The two primary factors for statistical analysis were the material of construction and the test substance. The data were analyzed
to determine if there were any trends or relationships that might be leveraged to reduce testing without compromising quality.
The statistical methods used included analysis of variance to compare recovery factors across substances and materials. Variance
components analysis estimated variance across sites and repeated tests. Least squares means estimated average recovery factors
adjusted for different materials and substances and confidence intervals around those averages. Exploratory data analysis
identified the primary causes of differences in recovery factors.
Results and discussion
Assumptions in recovery-data analysis. Although standardized methods for recovery exist throughout the company, each site that conducted recovery studies implemented
these procedures with different equipment, personnel, and slight modifications to the methods and swab technique. For the
purposes of this analysis, these differences were all combined into a site-to-site variance component. Specific causes of
variation among sites were not explored.
This data analysis was performed with available data from routine recovery studies at each site. There was no attempt to
collect data in a structure, so the data were not balanced across materials, substances, or sites. For example, a particular
product may have been studied on only one material at one site. This approach made it difficult to separate recovery differences
based on materials from recovery differences attributed to substances or sites. Analysis of variance on unbalanced data is
analogous to building a table with legs of unequal height. Although differences may be detected between substances or materials,
they are more difficult to support if the data structure is not well balanced across test conditions.
Analysis of data from such undesigned data sets can identify differences between substances and materials, but it does not
provide strong support for cause-and-effect relationships.

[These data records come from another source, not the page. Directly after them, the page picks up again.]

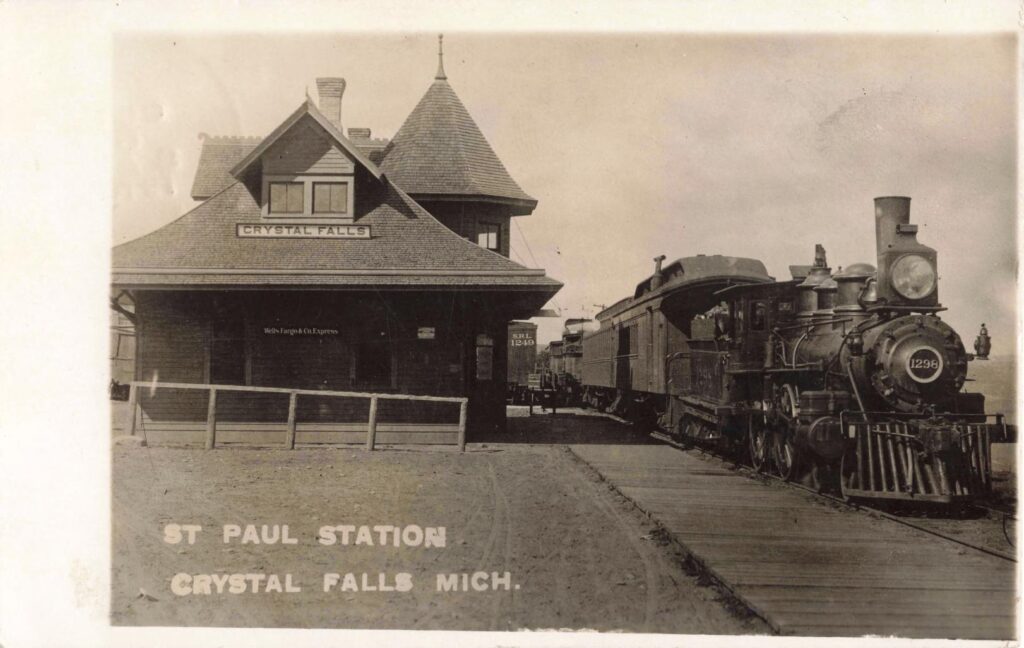 Historic Train Station With Steam Locomotive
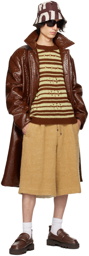 Dries Van Noten Brown & Green Striped Sweater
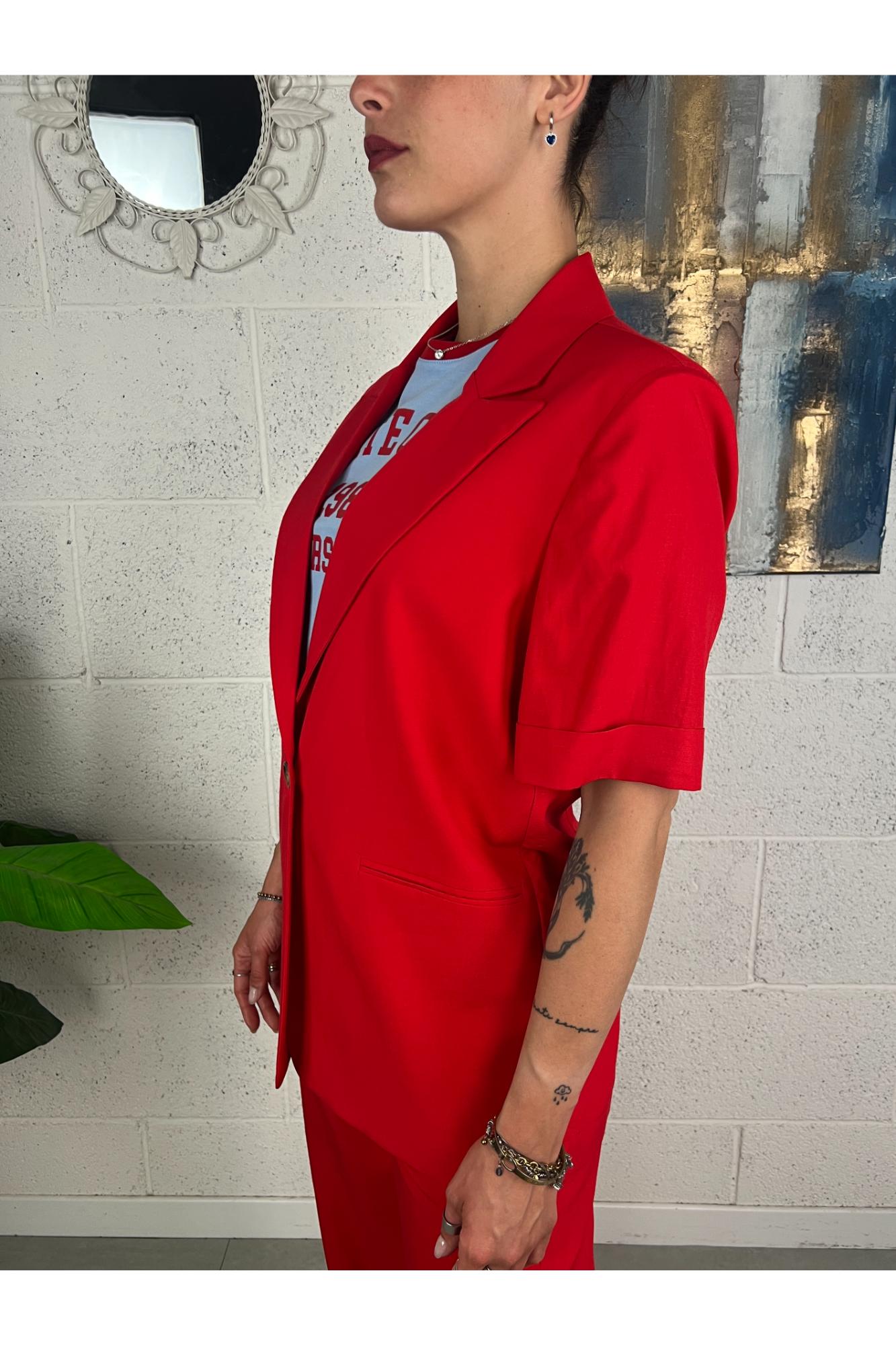 DIXIE Giacca manica corta Dixie Rosso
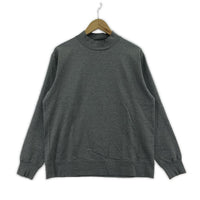 長袖Ｔシャツ cantate 25SS Mock Neck LS Shirt グレー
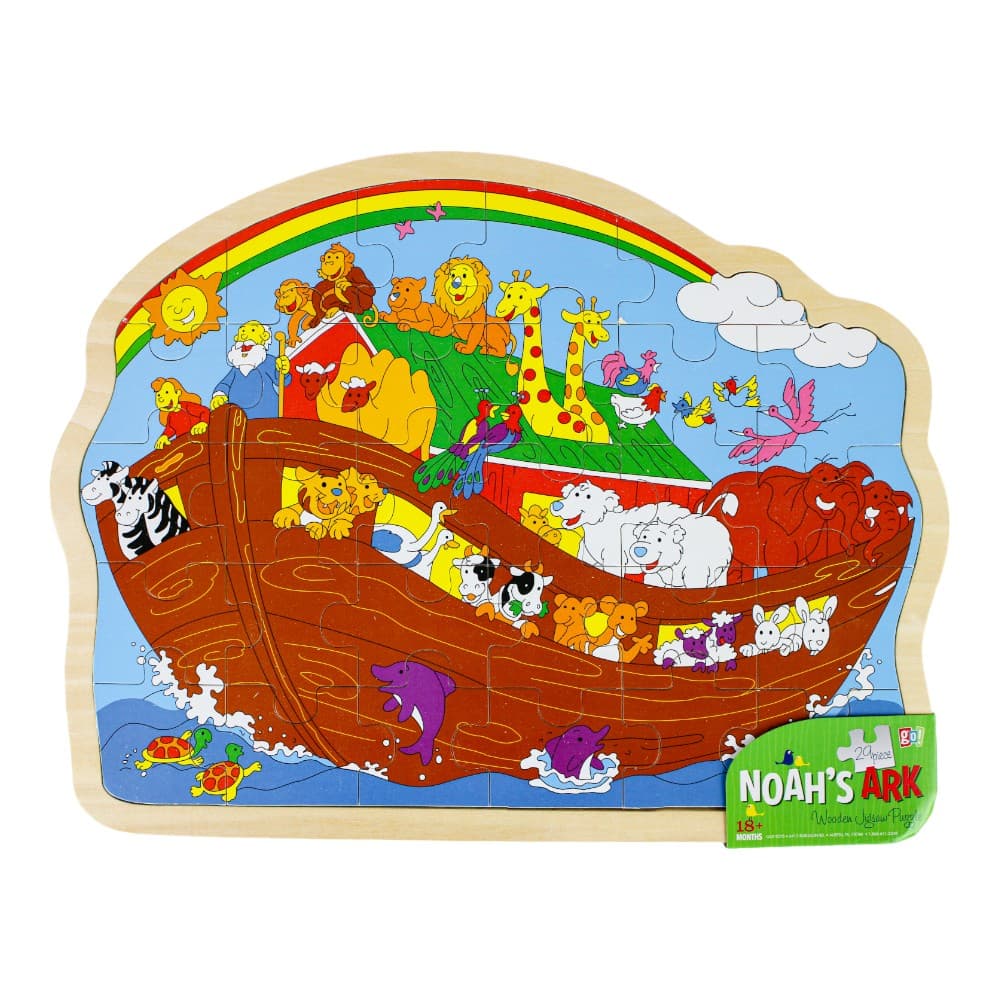 Wooden Noahs Ark 30 Piece Puzzle Main Product Image width=&quot;1000&quot; height=&quot;1000&quot;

Follow-up designed experiments will test the hypotheses generated
from this initial data exploration.
The data set used for this analysis, shown in Table I, consisted of 1262 RF values obtained for 48 different substances tested
on 29 different materials. The mean RF was 80 and ranged from 3 to 154. Although the majority of the substances tested were
products (APIs and formulated drug substances), detergents were also tested. There were 1072 RF values available for 42 products
and 190 RF values available for 6 different detergents.
Table I: Detergents and products tested.
The average RF was 13 units higher for detergents than for products. This result agreed with the concept that detergents are
typically formulated to be easily removed from surfaces. The standard deviations for the two groups were similar: 22 units
for detergents and 19 for products. The RF ranged from 30 to 154 for detergents and from 3 to 107 for products, shown in Figure
1, which each color represents a different material group.
Figure 1: Product recoveries by material. (FIGURE 1: MERCK & CO. INC.)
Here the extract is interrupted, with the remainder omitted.